Quelles chances pour Ennhada ?

Ça y est ! Le parti d’inspiration islamiste tunisien a fini par se décider. Ennahda, puisque c’est de lui qu’il s’agit, présentera un candidat à la présidentielle du 15 septembre prochain. C’est le président par intérieur du parlement, Abdelfallah Mourou, qui défendra les couleurs du parti. L’annonce a été faite dans la nuit du 6 au 7 août 2019, à travers un communiqué. Pour un événement, c’en est un. Car, c’est la première fois de son histoire qu’Ennhada présente un candidat à la présidentielle. Majoritaire à l’Assemblée nationale, le parti préférait toujours jouer les faiseurs de roi. Mais l’appétit venant en mangeant, il décide maintenant de viser gros en briguant la magistrature suprême. A-t-il des chances de succès ? Difficile d’y répondre pour l’instant. Pour le moins, on sait que la disparition du président Béji Caïd Essebsi, qui a bouleversé le calendrier électoral, entraînera inévitablement une recomposition du paysage politique tunisien. En tout cas, pour de nombreux observateurs, le jeu reste ouvert.

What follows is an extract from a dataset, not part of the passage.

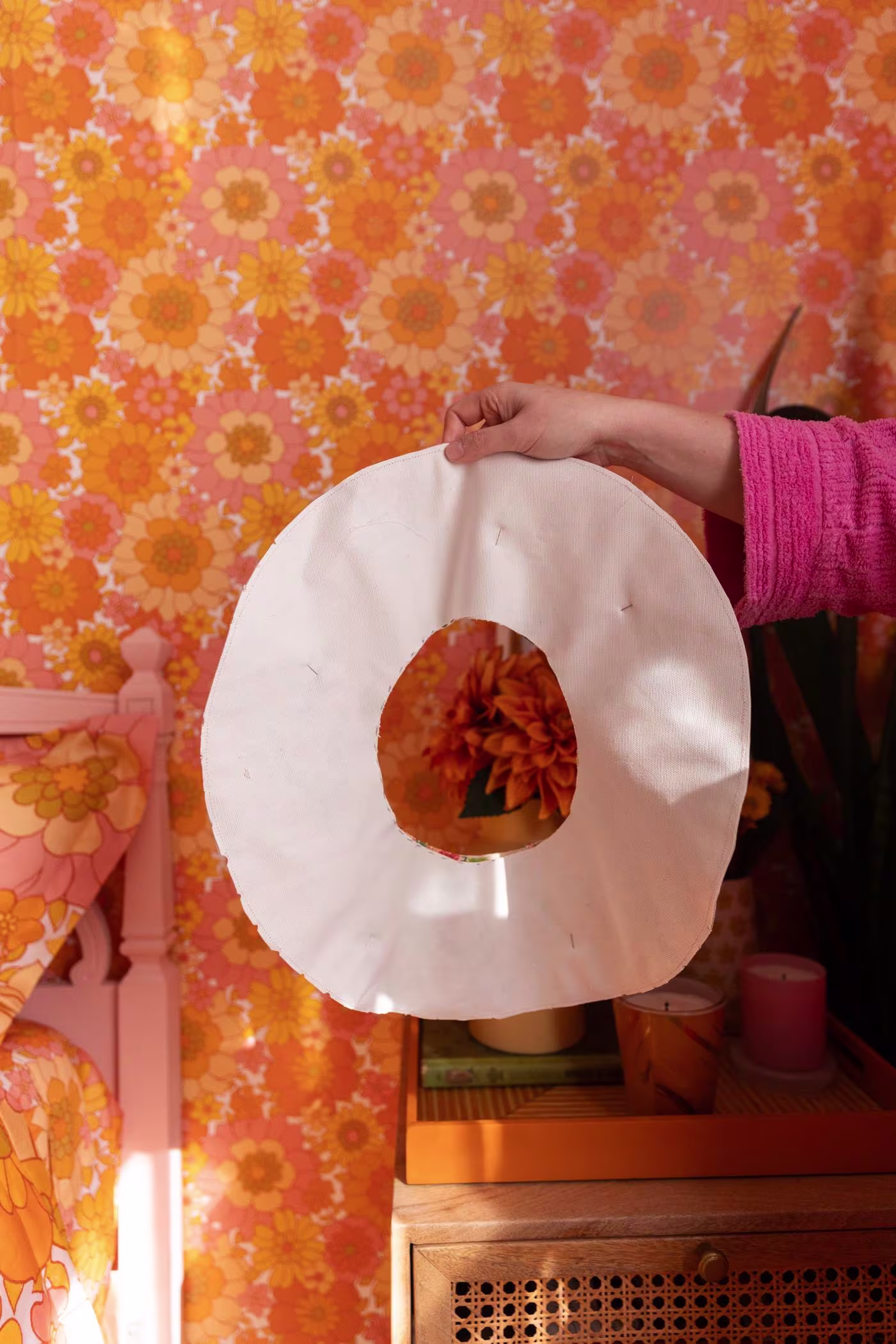 Keiko holds up the brim. Small notches are around the outer edge of the brim. Retro floral wallpaper and bedding to match are seen from the left corner. A desk holding candles and flowerpots is behind Keiko to the right.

Le combat promet d’être rude

C’est ce qui explique qu’à la vieille de la date limite de dépôts de dossiers, 27 candidats se sont déjà bousculés à la porte du siège de l’Instance indépendante chargée des élections (ISIE). C’est dire donc que le combat promet d’être rude d’autant que dans les starting-blocks, l’on compte des candidats très sérieux comme l’homme d’affaires et magnat des médias, Nabi Karoui, par ailleurs présenté comme un adversaire de taille pour le Premier ministre Youssef Chahed, porte-étendard du parti au pouvoir. Ennahda est donc prévenu. Ses adversaires ne lui feront pas de quartier ; lui que l’on présente comme un parti théocratique dont les idéaux sont contraires aux aspirations du peuple tunisien. C’est pour cela que depuis qu’il avait cédé sa place à un cabinet de technocrates en 2014, le parti avait pris du recul pour travailler à redorer son blason. Excluant toute activité de prédication religieuse, il avait annoncé avoir opéré sa mue en devenant une « force civile ». Cela suffit-il pour rallier à sa cause de nombreux Tunisiens ? Rendez-vous de 15 septembre prochain à l’issue du verdict des urnes.